Morgenjournal 27.04.2010

Geschlossene Blöcke

Dass König Albert II. nichts anderes übrig geblieben ist, als den Rücktritt des Ministerpräsidenten Yves Leterme anzunehmen, verschärft schlagartig die belgische Krise. Denn in Belgien stehen jetzt die Parteien, egal ob Christdemokraten, Liberale oder Sozialdemokraten, entlang nationaler Frontlinien gegeneinander. Die flämischen Parteien machen geschlossen Block gegen die französisch sprechenden Wallonen und umgekehrt. Die verzweifelten Vermittlungsversuche des angesehenen Ex-Premiers Jean-Luc Dehane, der in beiden Volksgruppen anerkannt wird, sind gescheitert.

Neuwahl kurz vor EU-Vorsitzperiode

Nachdem alle Kompromissversuche gescheitert sind, muss König Albert II. entscheiden, ob es noch Sinn macht, eine neue Regierungsbildung zu versuchen oder ob Neuwahlen unvermeidlich sind. Die müssten wahrscheinlich Anfang Juni stattfinden, drei Wochen vor der am 1.Juli beginnenden belgischen Präsidentschaft in der Europäischen Union.

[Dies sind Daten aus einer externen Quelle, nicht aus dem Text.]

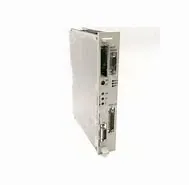 S5 PLC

Präsidentschaft ohne fixe Regierung?

Schlagartig sind in den letzten Tagen wieder separatistische Parteien vom rechten Rand in den Vordergrund getreten, die für ein unabhängiges Flandern werben. Schneiden sie gut ab bei Wahlen, dann wird eine Regierungsbildung extrem schwierig und kaum innerhalb weniger Wochen abzuschließen sein. Belgien müsste seine Präsidentschaft ohne fixe Regierung beginnen, ein ziemliches Horrorszenario.

Ständiger Präsidenten als sicherer Anker

Für die EU beruhigend ist, dass es dank des Reformvertrages auch den ständigen Ratspräsidenten Herman van Rompuy gibt, der ebenfalls aus Belgien kommt. Ihm traut man zu, auch ohne klare Verhältnisse im belgischen Brüssel das Brüssel der EU funktionstüchtig zu halten.

Ende der Kompromisse?

In Belgien war es in der Vergangenheit immer so, dass sich auch in den verfahrensten innenpolitischen Krisen ein erfolgreicher Vermittler gefunden hat, der eine Eskalation des Streits zwischen den Volksgruppen verhindert hat. Diese Kompromissfähigkeit scheint zu schwinden. Die Sorge ist unüberhörbar, dass aus der Regierungskrise diesmal eine belgische Regimekrise werden könnte.